• What to produce
Only the lines from the one holding "Sites similar to" to the end of the data should be echoed, exactly as they appear, minus the pictures.

• Information given
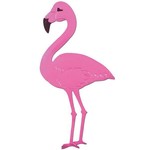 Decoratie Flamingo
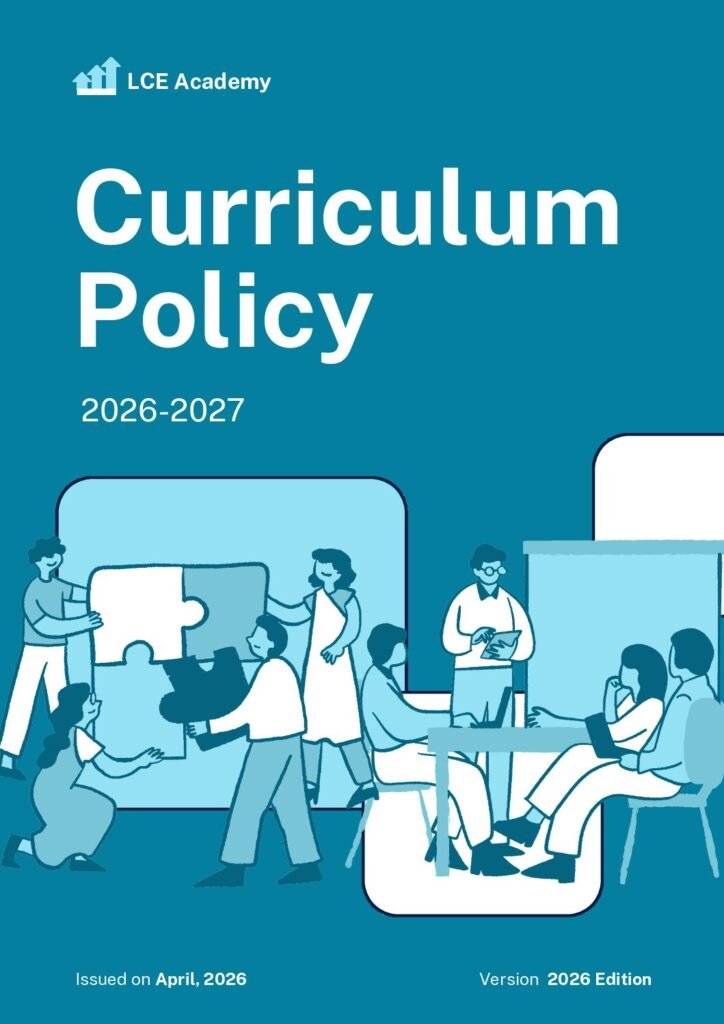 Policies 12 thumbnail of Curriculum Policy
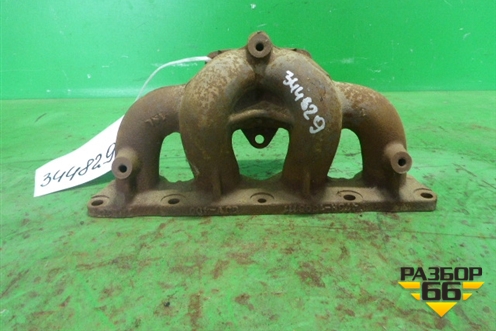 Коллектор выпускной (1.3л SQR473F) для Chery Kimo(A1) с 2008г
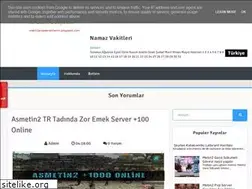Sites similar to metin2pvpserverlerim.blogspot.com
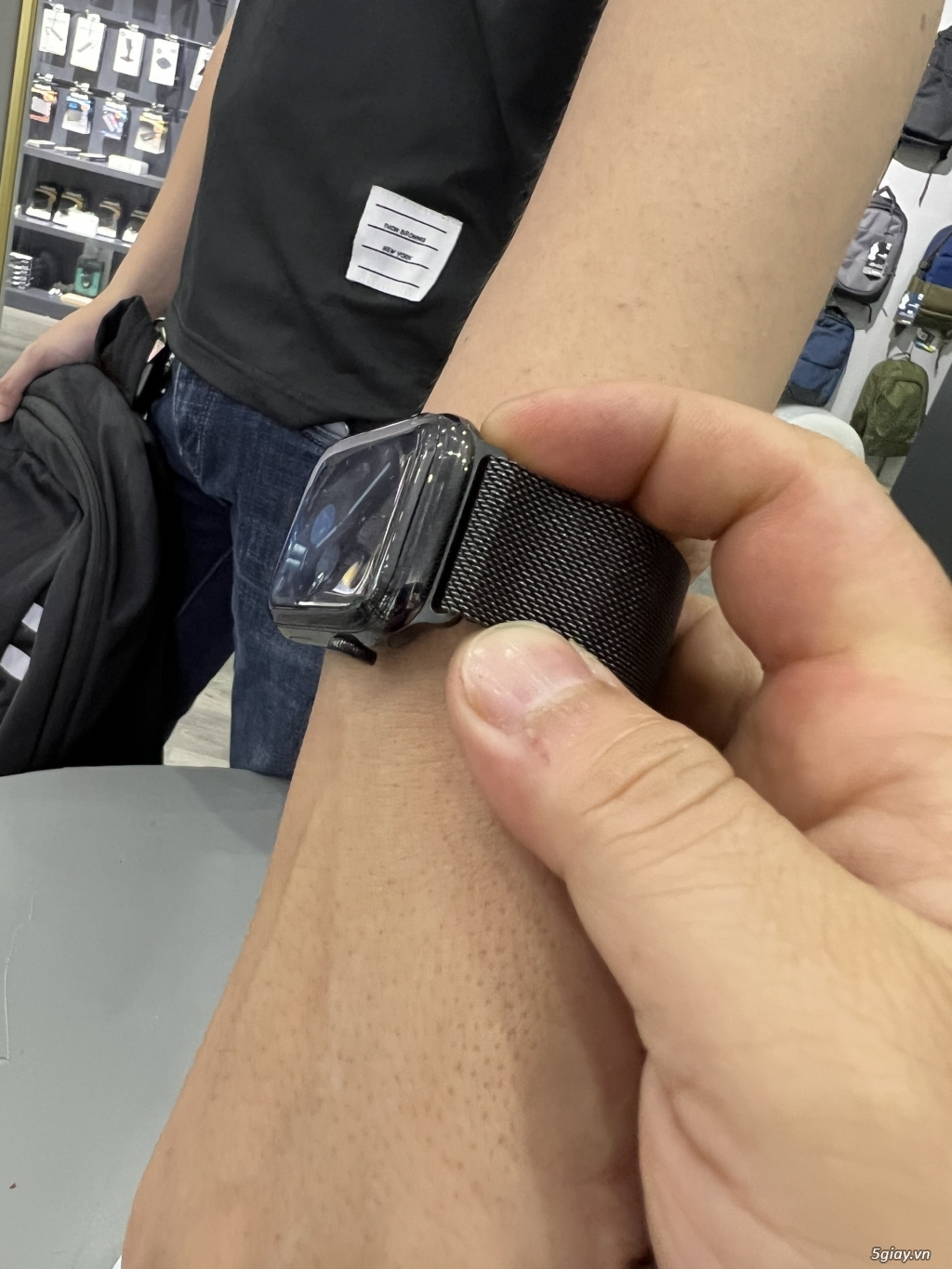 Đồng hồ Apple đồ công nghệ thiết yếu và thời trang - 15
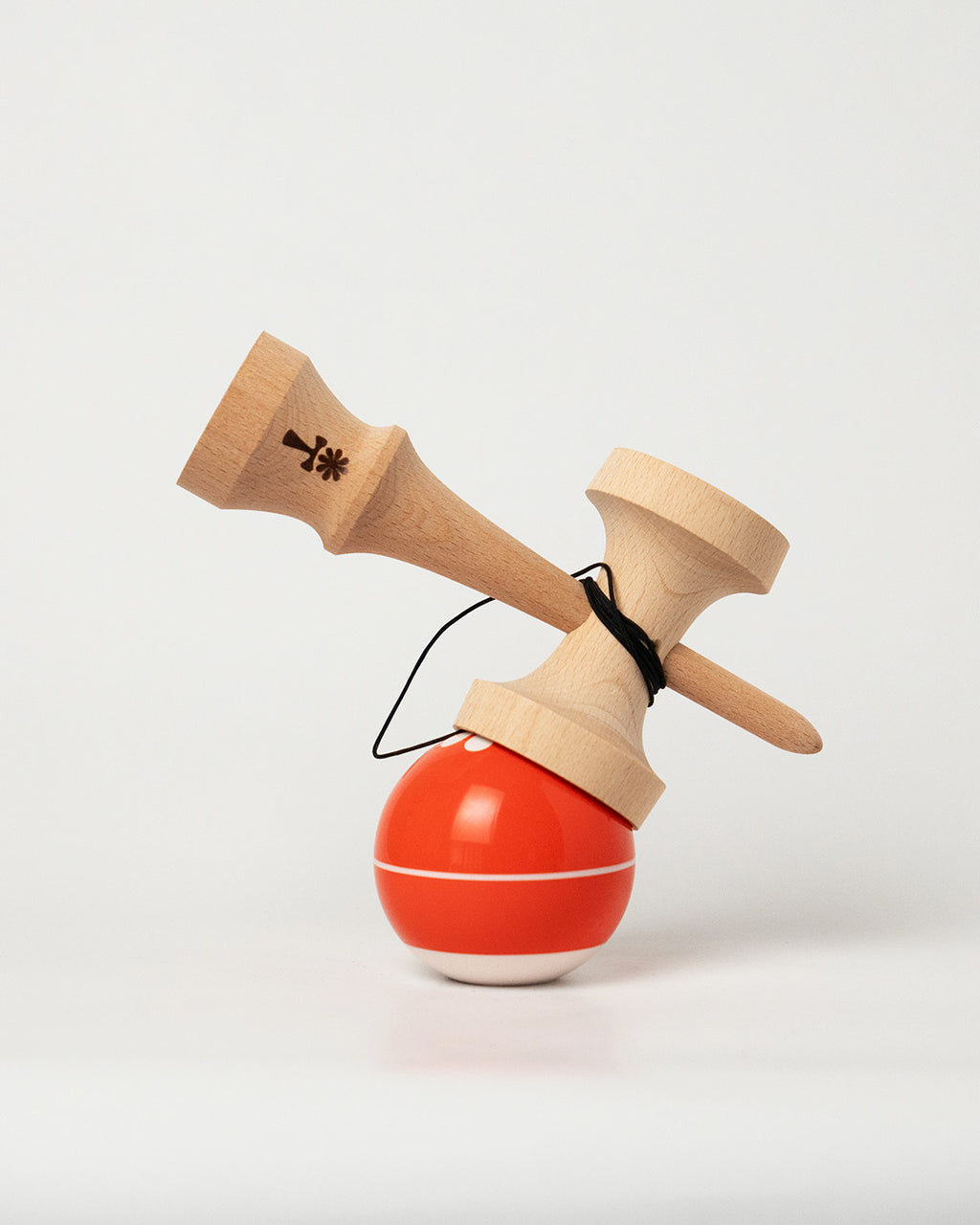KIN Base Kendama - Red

• Answer space
Sites similar to metin2pvpserverlerim.blogspot.com
 Đồng hồ Apple đồ công nghệ thiết yếu và thời trang - 15
KIN Base Kendama - Red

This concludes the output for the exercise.